Task to carry out:
Copy only the lines from the one containing "投訴深海教育要求全部退費(fèi)退款，后續(xù)曝光" through the final line of the records below, exactly as written, with no pictures.

###

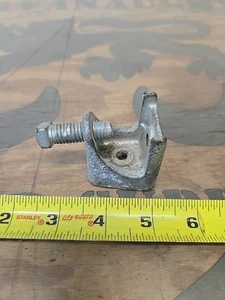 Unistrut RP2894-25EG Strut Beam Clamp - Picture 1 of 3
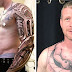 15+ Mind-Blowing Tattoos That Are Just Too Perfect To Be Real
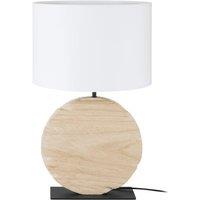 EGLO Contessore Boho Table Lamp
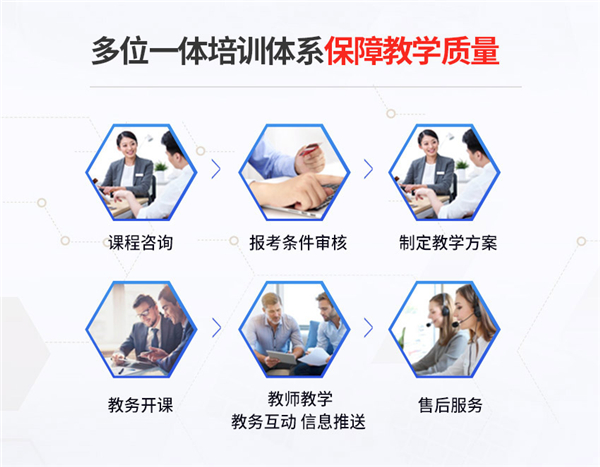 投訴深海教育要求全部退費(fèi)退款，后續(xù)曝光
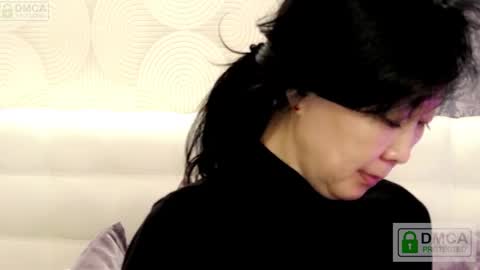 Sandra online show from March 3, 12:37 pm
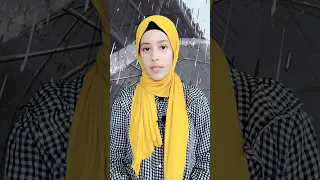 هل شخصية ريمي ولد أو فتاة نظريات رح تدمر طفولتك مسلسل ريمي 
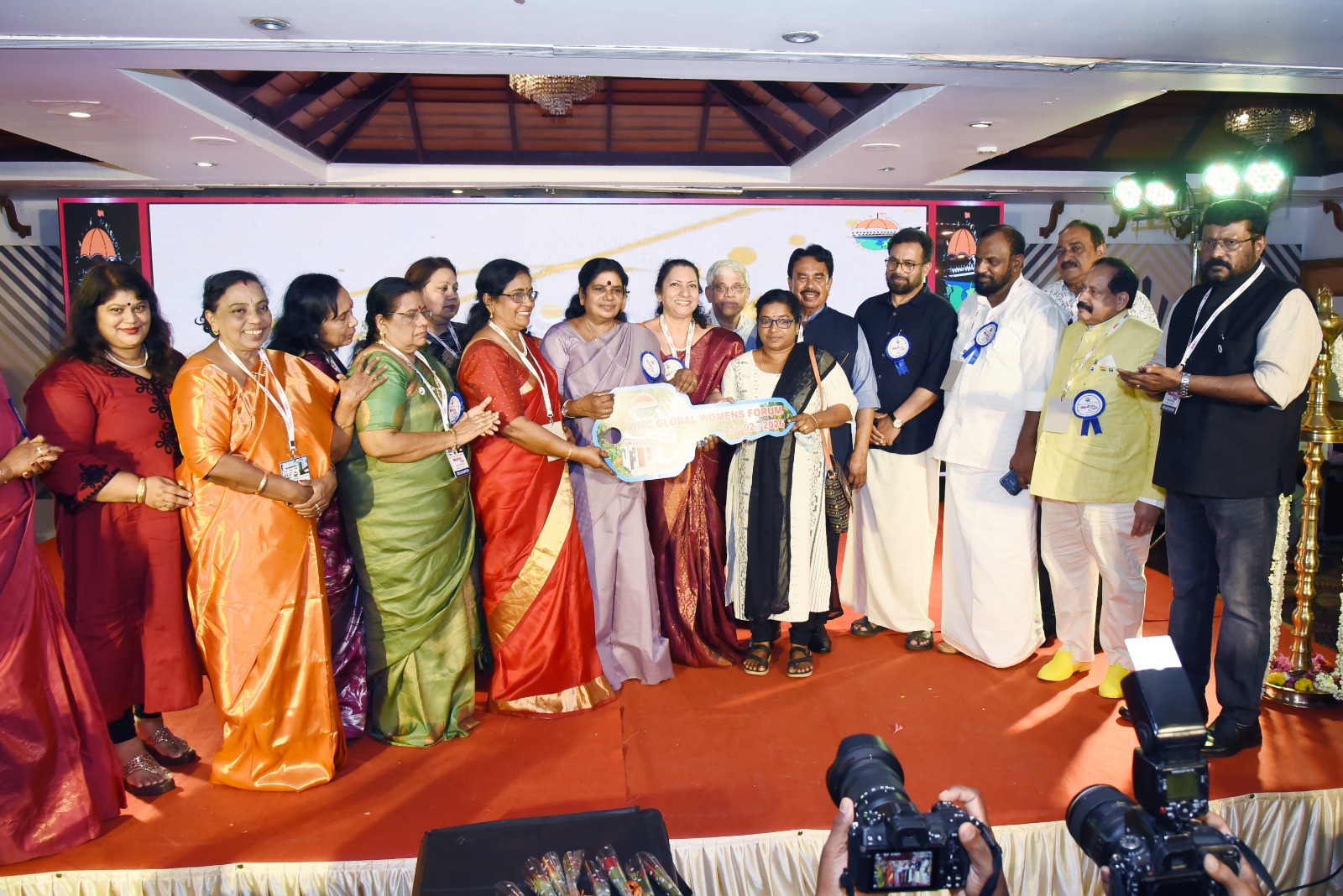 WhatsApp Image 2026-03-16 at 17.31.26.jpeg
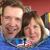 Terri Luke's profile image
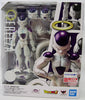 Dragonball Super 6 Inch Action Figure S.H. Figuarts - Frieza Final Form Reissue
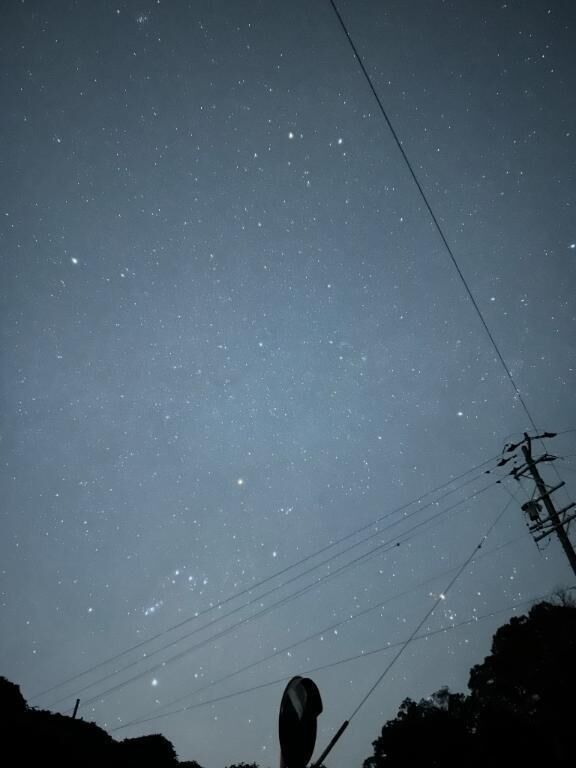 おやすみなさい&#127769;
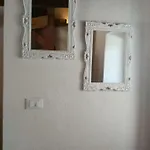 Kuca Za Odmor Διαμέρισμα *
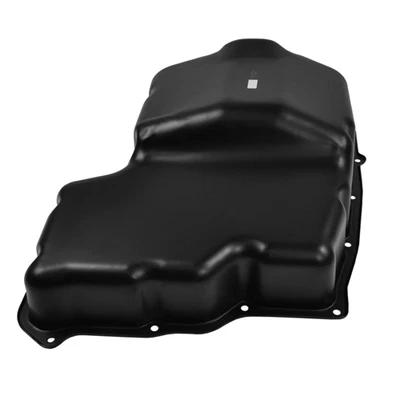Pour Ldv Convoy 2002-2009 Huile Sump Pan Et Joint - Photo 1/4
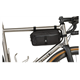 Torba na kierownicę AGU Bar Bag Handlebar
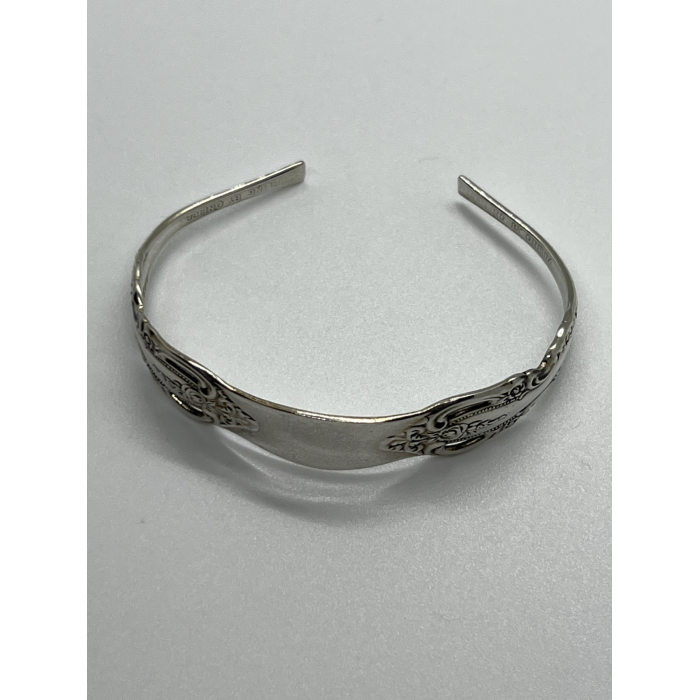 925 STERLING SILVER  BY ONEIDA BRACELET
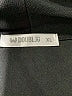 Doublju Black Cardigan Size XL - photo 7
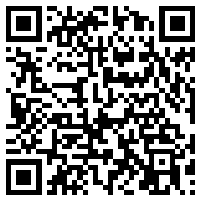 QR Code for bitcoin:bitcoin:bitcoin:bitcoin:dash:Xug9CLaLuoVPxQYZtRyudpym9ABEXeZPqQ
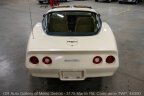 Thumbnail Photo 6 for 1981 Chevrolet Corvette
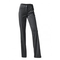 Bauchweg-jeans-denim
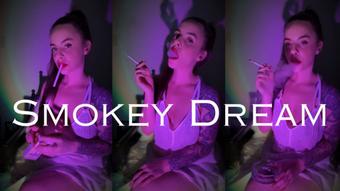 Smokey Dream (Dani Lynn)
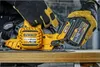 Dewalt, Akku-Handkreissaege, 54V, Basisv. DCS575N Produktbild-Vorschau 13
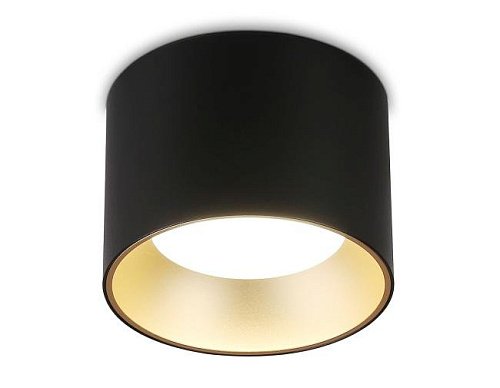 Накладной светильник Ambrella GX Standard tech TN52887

###

Solution to this task:
 投訴深海教育要求全部退費(fèi)退款，后續(xù)曝光
 Sandra online show from March 3, 12:37 pm
 هل شخصية ريمي ولد أو فتاة نظريات رح تدمر طفولتك مسلسل ريمي 
 WhatsApp Image 2026-03-16 at 17.31.26.jpeg
 Terri Luke's profile image
 Dragonball Super 6 Inch Action Figure S.H. Figuarts - Frieza Final Form Reissue
 おやすみなさい&#127769;
 Kuca Za Odmor Διαμέρισμα *
Pour Ldv Convoy 2002-2009 Huile Sump Pan Et Joint - Photo 1/4
 Torba na kierownicę AGU Bar Bag Handlebar
 925 STERLING SILVER  BY ONEIDA BRACELET
 Doublju Black Cardigan Size XL - photo 7
 QR Code for bitcoin:bitcoin:bitcoin:bitcoin:dash:Xug9CLaLuoVPxQYZtRyudpym9ABEXeZPqQ
 Thumbnail Photo 6 for 1981 Chevrolet Corvette
 Bauchweg-jeans-denim
 Smokey Dream (Dani Lynn)
 Dewalt, Akku-Handkreissaege, 54V, Basisv. DCS575N Produktbild-Vorschau 13
 Накладной светильник Ambrella GX Standard tech TN52887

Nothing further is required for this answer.